Thursday, April 12, 2012

Just caught The Vow on Funshion and i think its a really stupid predictable movie. i don't even know how people cry to that movie. im not being a cynic here, i am a sucker for sappy love movies. and it usually doesnt take much for me to cry but that movie did nothing for me. disappointed in the whole story line. especially the part where her dad had an affair. i was like, ARE YOU KIDDING ME. ughhhh. seriously? and the way she decided to get to know Leo again was just PLAIN DUMB AND ABRUPT. i could go on for days.

Wednesday, April 11, 2012

Holler y'all ! Quick updates: 1: upset that mad and lefa are no longer gonna be working :/ which makes weekends even more unbearable. cos like I can still stick to pea and irritate the hell outta her on weekdays hehe 2: I think I'm actually doing a great job with my salary this month cos I still have like 3/4 left which is good compared to close to zero around this time last month 3: exams are in half a month and I have yet to even flip through my notes, FOR THE FIRST TIME. That's about it. That's what my life has been about. I sometimes get the feeling that I'm going to regret not making a mark at any one point of my life but like diets, I have zero motivation.

Thursday, April 5, 2012

lately I've been thinking what people actually do when they feel like they are stuck in a rut and crave something new. some say they find meaning out of where they are and so far no one has told me that they would get up and make a change.
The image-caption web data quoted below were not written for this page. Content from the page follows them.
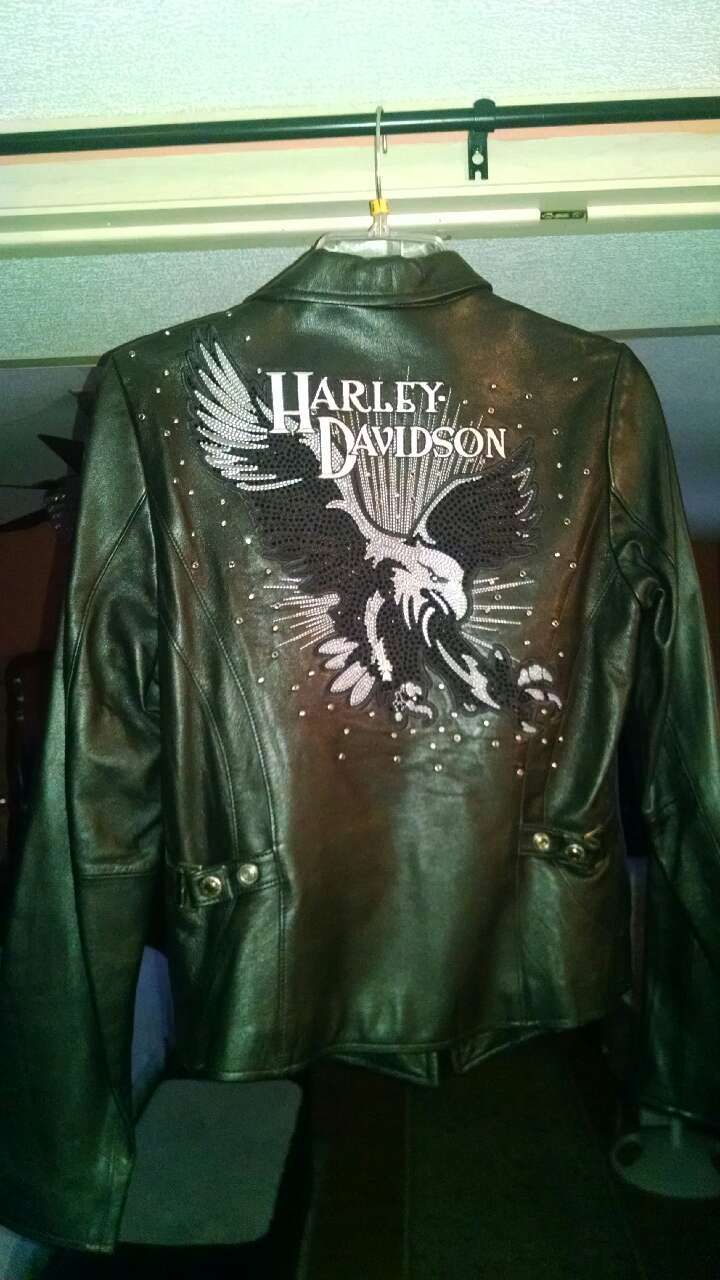 Harley Davidson Leather Motorcycle Jacket (S)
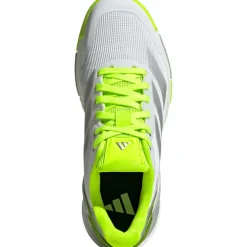 Padelschoenen-adidas Crazyquick Lightstrike padelschoenen dames lucid lemon wonder silver silver metallic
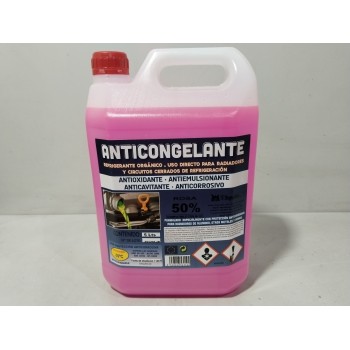 HERRAMIENTAS ANTICONGELANTE 5L 50% ROSA TEQUIMA ROSA 50%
Though, that's the very first thing I thought.

I guess if a sudden change was made we would end up craving for our routine again. sometimes people don't realize that they are just afraid that they can't get something better than what they have now and they end up thinking they are happy anyway. Cos it's the safest bet. It's like, okay it's not perfect but I guess good is enough. I don't aim to have a perfect life; but I do wish certain aspects in my life were. Isn't that what keeps you going? If everything in your life is just good then what the hell are you living for?

Monday, April 2, 2012

The art of getting by

I have had this whole day to myself. with the grace of joshy I managed to almost spend the entire day without talking to anyone and just think about what has been going on.

Ive watched shows that are supposed to give you an alternative outlook to life. 'The art of getting by' taught me that we all think that life is meaningless sometimes. If the end point is death, why try? Which made a lot of sense to me before I knew where the movie was headed. We just have to find meaning to carry on. for the people we love. Even if what we are doing seems meaningless to us, the happiness of the people we love accounts for everything else.

Then I watched 'Eat pray love' which I know I am a little slow in catching but it taught me just as much and just when I needed it. It made me wonder though, if that's just all we need in life. Comfort food, a prayer to calm ourselves now and then and someone to love. in my opinion Julia Roberts wasn't that screwed up in the first place so it must not have taken her a lot to find peace.

I really liked both shows though, because both taught me to be brave when it comes to love and hurt is inevitable. I especially love the part in 'Eat pray love' where she talks about the ruins in Rome. but I guess that's incomplete and I have to read the book to get greater understanding of what Elizabeth Gilbert really wanted to bring across to her readers.

But that's that. for now I'll just go back to what i know best.
I'm a horrible horrible person.
I think I need some time alone. Doesn't everyone?